◆ **DATASET EXCERPTS**:
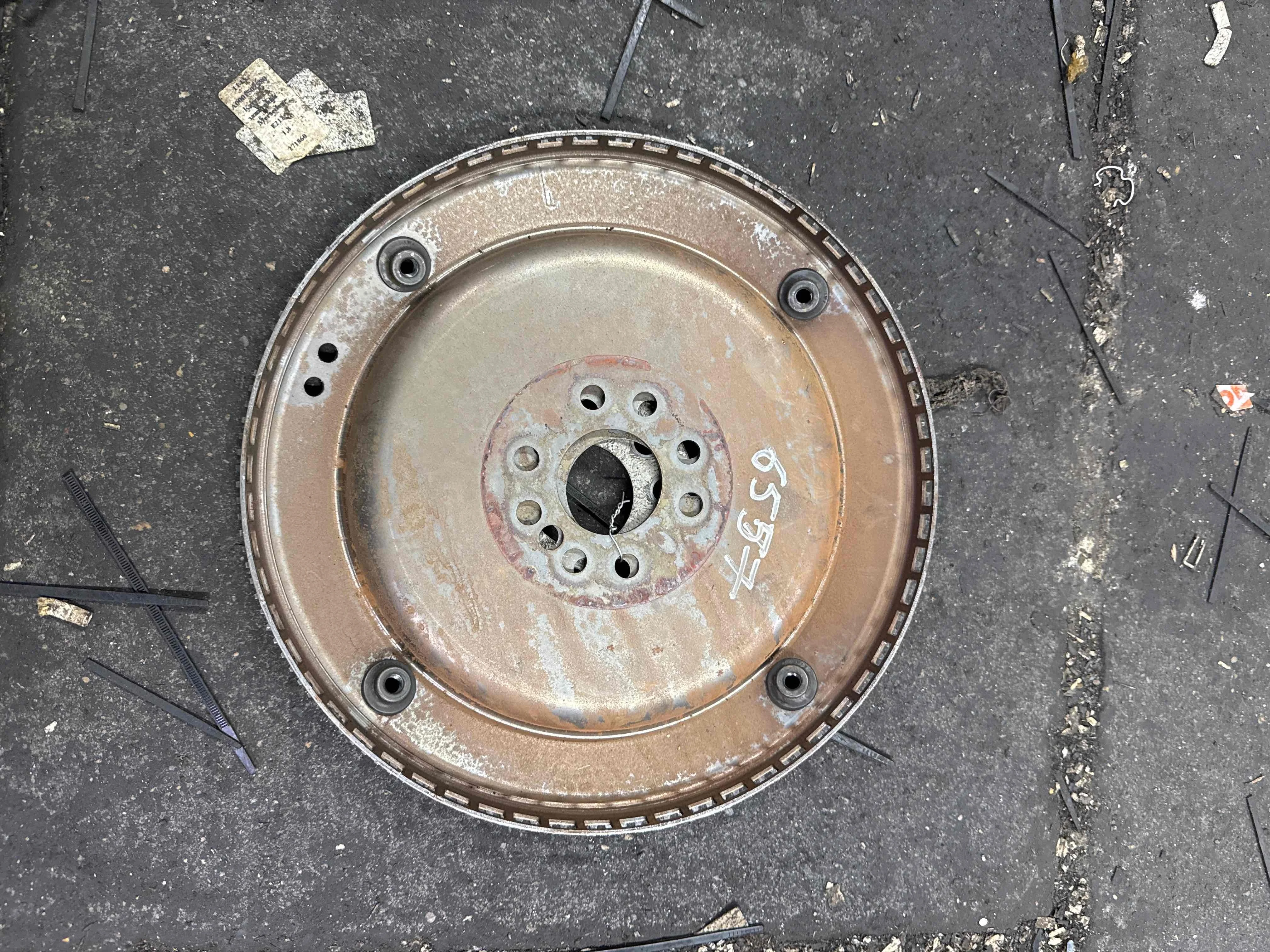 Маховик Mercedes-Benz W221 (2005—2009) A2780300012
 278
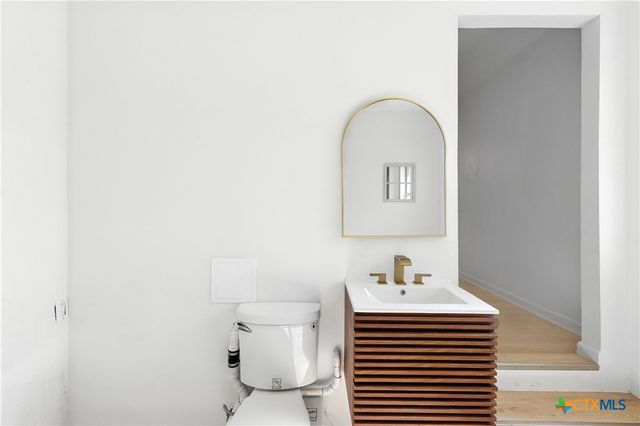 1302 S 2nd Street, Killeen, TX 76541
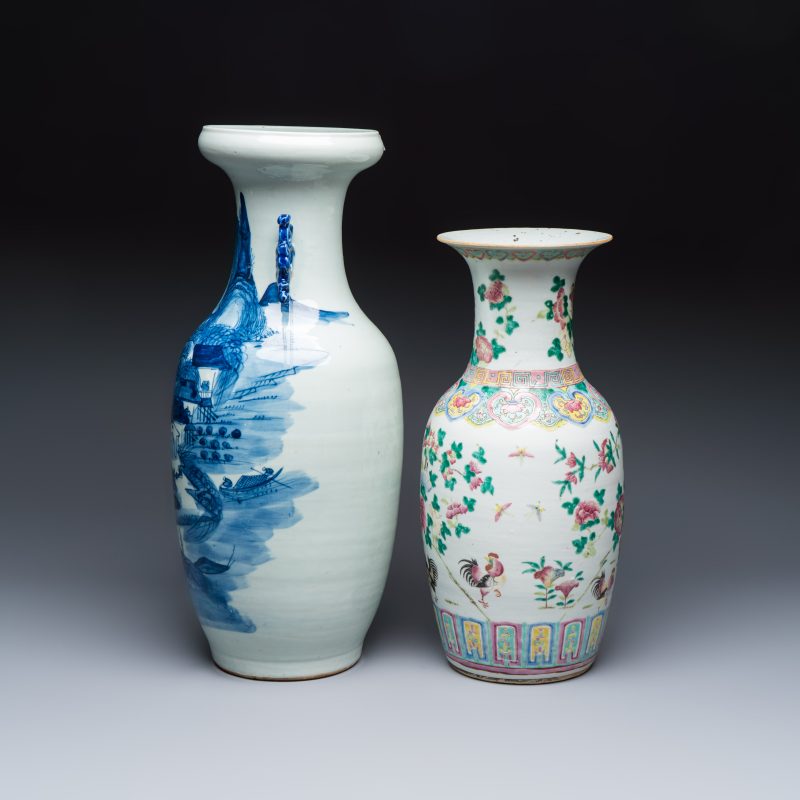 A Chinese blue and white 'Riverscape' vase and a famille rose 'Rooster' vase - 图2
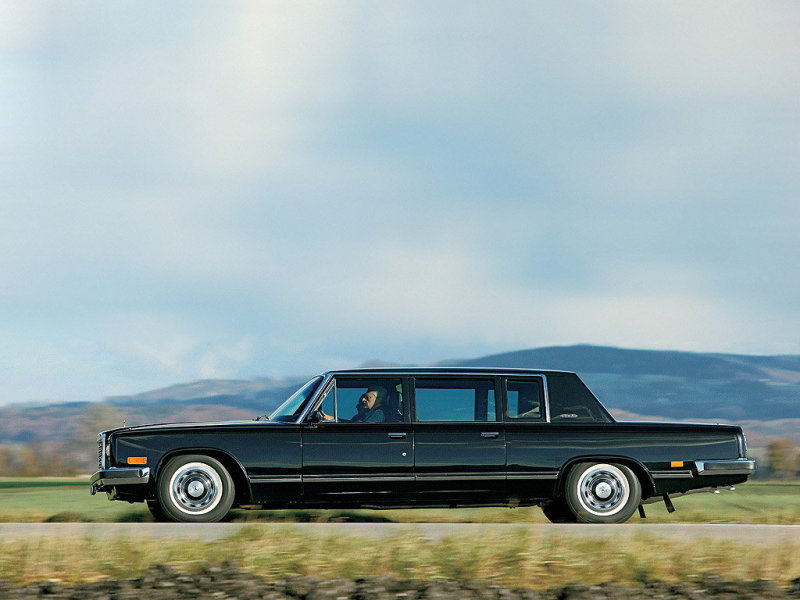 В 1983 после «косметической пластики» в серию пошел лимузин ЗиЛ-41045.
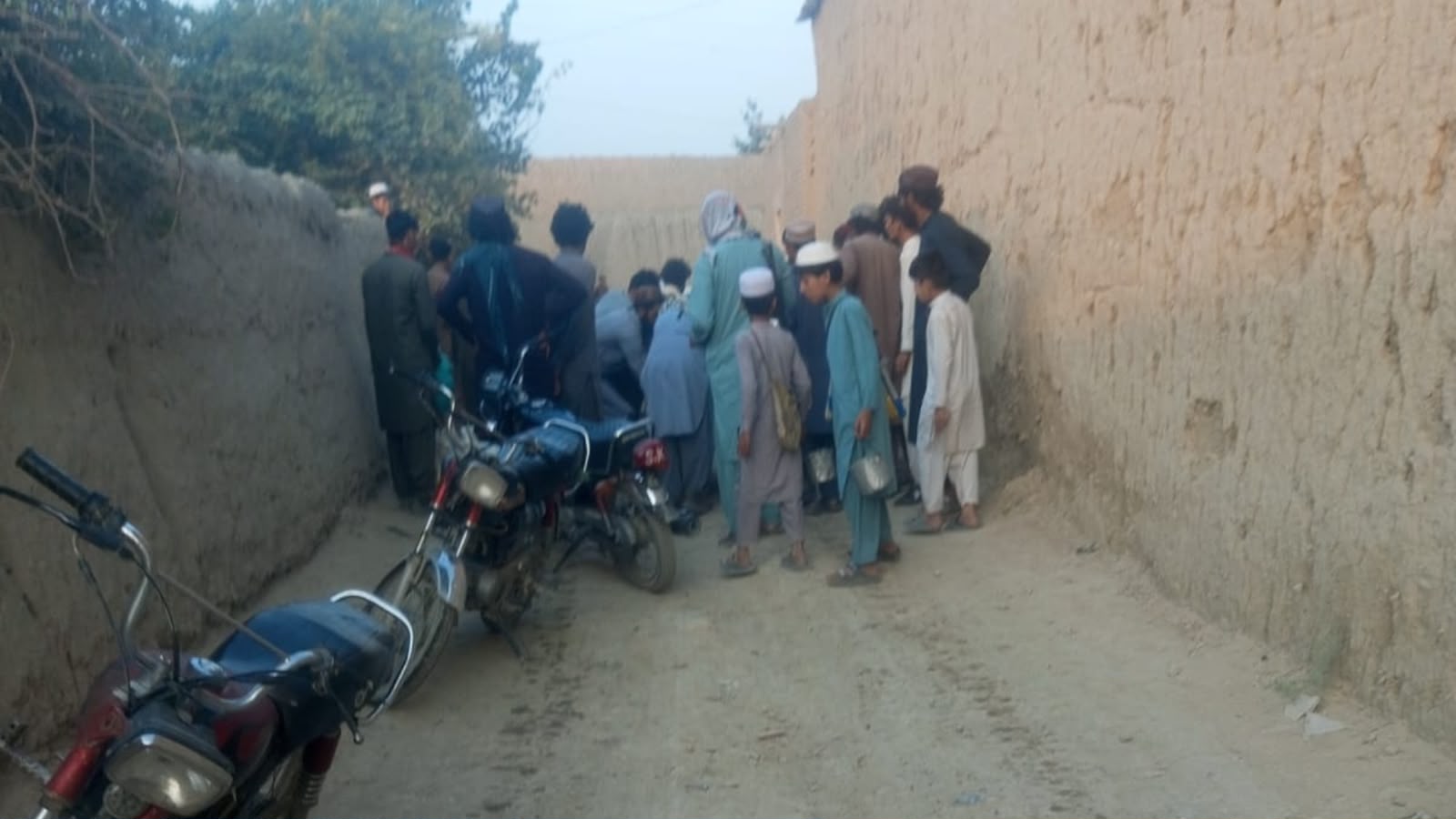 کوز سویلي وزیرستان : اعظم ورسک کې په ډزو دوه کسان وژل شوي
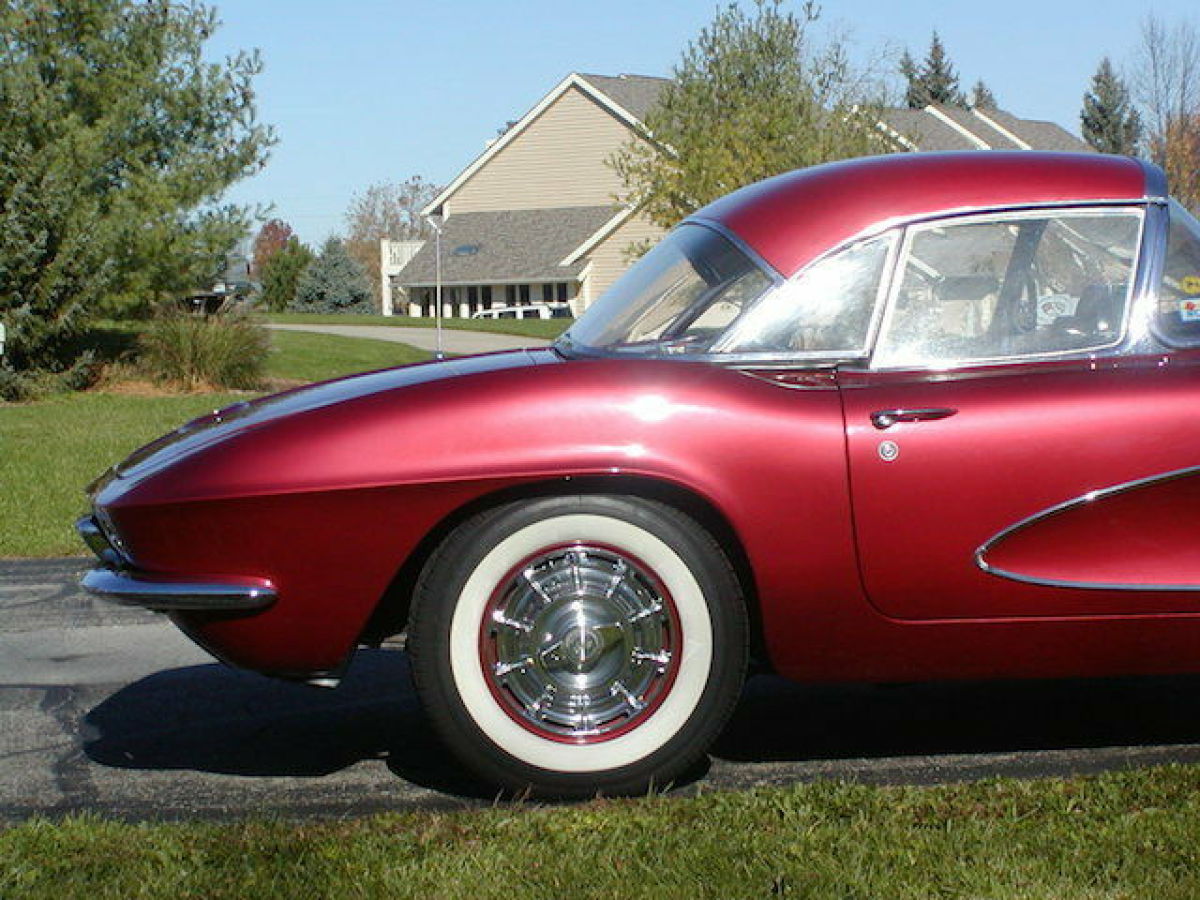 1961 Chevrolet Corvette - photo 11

◆ **WORK INSTRUCTIONS**:
Nothing but the lines from the one containing "کوز سویلي وزیرستان" through the last line of the data should appear in the answer, copied exactly, with pictures excluded.

◆ **ANSWER TO THIS PROBLEM**:
 کوز سویلي وزیرستان : اعظم ورسک کې په ډزو دوه کسان وژل شوي
 1961 Chevrolet Corvette - photo 11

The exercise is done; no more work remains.